Les pouvoirs publics ont bien conscience des difficultés liées au départ en retraite et au manque d'information et de transparence qui entoure les démarches à effectuer. Le code de la sécurité sociale prévoit un droit à l'information, qui se traduit par l'envoi, au moins tous les cinq ans, à partir de l'âge de 35 ans, d'un relevé individuel de situation où doivent figurer notamment les différents régimes auxquels l'assuré a cotisé, la durée et les montants de ces cotisations. Il prévoit aussi, dès 45 ans, un entretien d'information sur la retraite et, à 55 ans, une estimation indicative globale.
Ce droit à l'information est rendu effectif par le groupement d'intérêt public (GIP) Union Retraite, qui regroupe l'essentiel des caisses de retraite de base et complémentaires et a développé un portail inter-régimes intitulé « Mon compte retraite », que je vous invite à consulter. Ce service assez simple d'accès mais que bon nombre de nos concitoyens ne connaissent pas encore, permet à l'assuré de visualiser son relevé de carrière, en particulier les périodes problématiques, d'estimer sa retraite et, désormais, de faire simultanément la demande de liquidation de celle-ci auprès de toutes les caisses dont il a relevé.
Le législateur a également permis, voilà quelques années, la liquidation unique des régimes alignés (Lura), qui concerne les salariés du régime général et du régime agricole, ainsi que certains indépendants. Les maisons France Services sont une autre initiative soutenue par les pouvoirs publics permettant de faciliter l'échange entre les assurés et leurs caisses. Elles méritent d'être développées.
Malgré des avancées indéniables, d'autres pistes pourraient faire gagner en transparence et compréhension les démarches liées à la retraite. L'application Mon compte retraite devrait fournir une explication de la règle de calcul de la liquidation. La création d'un statut de tiers déclarant permettrait de simplifier les démarches en ligne. Paradoxalement, en effet, les demandes de réversion concernant les personnes qui ont en moyenne 90 ans se font beaucoup plus souvent en ligne que celles qui émanent de personnes de 65 ou 70 ans, car elles sont effectuées par les enfants ou petits-enfants de l'assuré. En revanche, il est très difficile d'effectuer ces démarches pour le tuteur ou le curateur de personnes sous tutelle ou curatelle, car il n'existe pas de statut de tiers déclarant consolidé qui le lui permettrait, même si le travail en ce sens est en cours.

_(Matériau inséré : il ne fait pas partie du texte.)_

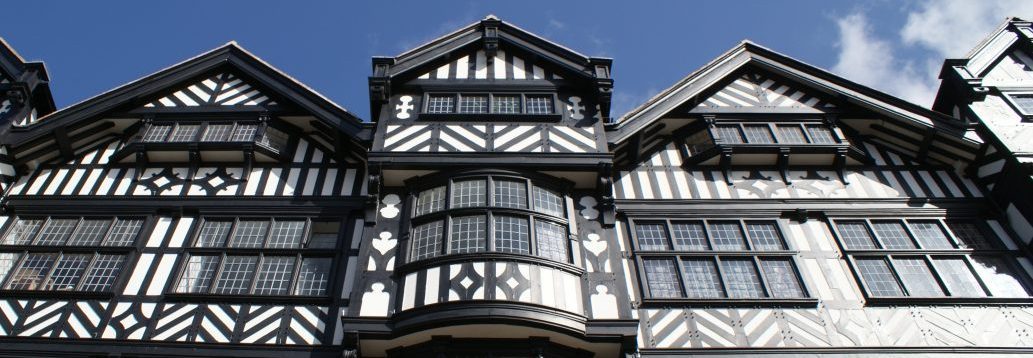 Tudor style black and white buildings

Nous devons également nous interroger sur l'opportunité, au-delà d'un certain âge, du principe de quérabilité, c'est-à-dire de l'obligation pour l'assuré de demander sa retraite. Je citerai à cet égard le cas d'un agriculteur de 85 ans qui n'était pas éligible à la loi « Chassaigne » parce qu'on avait détecté une pension non liquidée du régime général correspondant à un emploi qu'il avait eu au début de sa carrière. Cette personne a dû mobiliser des moyens intellectuels et administratifs importants pour pouvoir bénéficier de la revalorisation « Chassaigne », qui représentait une centaine d'euros.
Nous pourrions nous interroger également sur l'unification des règles de calcul de réversion, dont l'application est source de grandes difficultés, notamment lorsqu'il y a eu plusieurs conjoints, ainsi que sur l'intégration au GIP Union Retraite de certains régimes encore extérieurs et dont l'existence rend plus complexe encore la demande de retraite pour certains de nos concitoyens.